Professional freediver Fabrice Bonello DuPuis reveals that the secret to the perfect freediving experience is complete relaxation so you can “melt away” underwater.
Words by Adriana Bishop
Photos by Kurt Arrigo
It’s not easy getting hold of Fabrice Bonello DuPuis as the diving season on the Maltese Islands extends way beyond the summer months, keeping him busy underwater, or on a boat, well into November and December. Even on a 'dry day', the 34-year-old professional freediver and owner of Deep Med freediving school still looks like he’s ready to jump into the water at any moment.

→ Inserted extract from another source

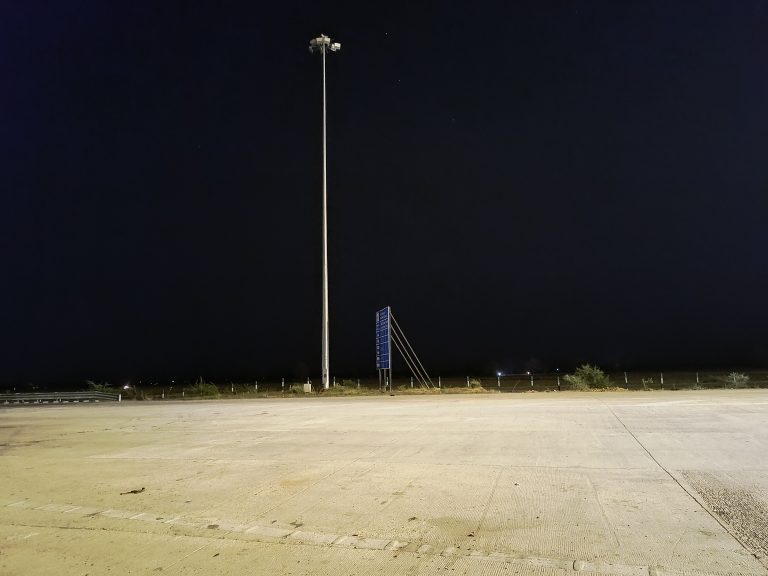 A deserted toll tax area at night with a solitary lamppost and a starry sky overhead.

Appearing shirtless on my Zoom screen on his day off from his home in Xagħra, Gozo, he’s hopping like a pinball around his kitchen eating breakfast, occasionally stopping to look straight down the camera to explain how freediving has changed his life. Freediving may be a relatively recent addition to the local diving scene, but it is by no means a new sport. People have been freediving for food since 6000 BC and some consider it the most natural and serene way to explore the sea.
For Fabrice, freediving is something he “connected with”. He took up the sport in his late 20s when he found himself at a crossroads in his career. Originally a professional navigational officer, he grew up in the sea and found sports was the only subject he excelled in at school.
Fabrice uses the principles of Yoga Nidra, the ultimate relaxation technique for releasing stress and tension held in the body, to teach his students how to prepare for the final breath hold: “You have to go down in complete relaxation. The general preparation for the breath hold is quite simple. You just need to have focus, relaxation and sensitivity.” In Yoga Nidra, you lie down flat on your back with the palms of your hands facing up and aim to move into a deep state of conscious awareness ‘sleep’.
“As we prepare to take our final breath, we have to stay very still in the water. We need to have complete stillness and focus on finding the tension in our body. We scan areas of the body where there is tension and relax all that stress. “A still body, a body with no tension, means that physically you are calm and mentally you are focusing in the present moment. The heart rate calms down, and we go into a mammalian diving reflex,” Fabrice explains.
“The more you get into freediving, the more you start becoming extremely aware of your stress levels,” he continues, adding that this whole process leads to a heightened awareness of how to calm yourself down.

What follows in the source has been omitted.